How can we be a light to others if we’re burned out? From one parent to another, here are my five tips* to beat off burnout before it happens:

  1. Be honest with yourself. Do you feel on the brink of flipping out about something tiny? Not being your best self with your kids? This is typically a good sign that you need a break. Even a short one can make the difference. Parenting can feel as if you’re on a hamster wheel. Stop running.
  2. Caring for yourself is necessary, not indulgent. Reading for 15 minutes in bed or enjoying a cup of coffee you didn’t have to re-warm 9 times can be self-care. While a trip to the spa is wonderful, self-care doesn’t have to be luxurious, expensive, or time-consuming. It just has to be for you.

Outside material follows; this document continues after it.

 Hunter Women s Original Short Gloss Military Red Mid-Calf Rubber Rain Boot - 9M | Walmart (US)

  3. Take the pressure off of social media. When you see on Instagram that another mom baked homemade cookies or DIYed all their kid’s birthday decorations, remind yourself they may enjoy baking or crafting. Or they may hate it and are just doing it for likes. In either case, don’t compare yourself.

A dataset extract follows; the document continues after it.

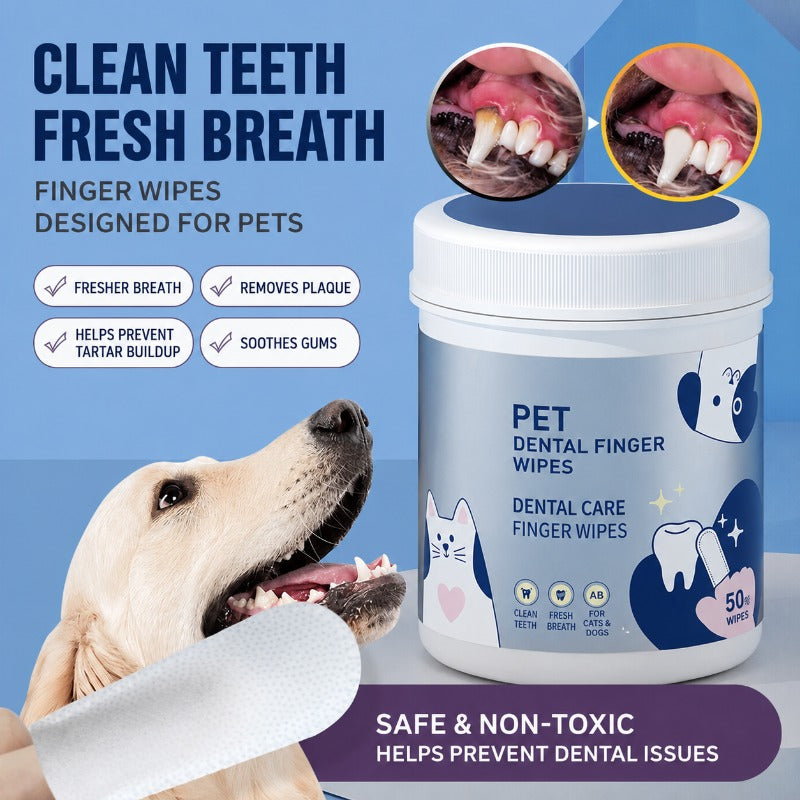 Dog & Cat Dental Finger Wipes — Gentle Plaque Removal & Breath Freshener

  4. Don’t commit to things you don’t care about. You have the right to say no to activities you don’t want to do, and I encourage you to try it. If you dread that upcoming holiday party you said you’d go to, kindly bow out.
  5. Be honest with others. The most rewarding conversations I’ve had with friends and family are the real ones. The ones where you talk openly about your lives and are vulnerable. It takes a village to raise a child, and it takes a village to support a parent. Be that village for others and you’ll find the favor is returned.

Hats off to the moms and dads who magically make it happen every day — minus sleep and superpowers to pull it off.

*I am an amateur parent, and only marginally and intermittently qualified to offer advice.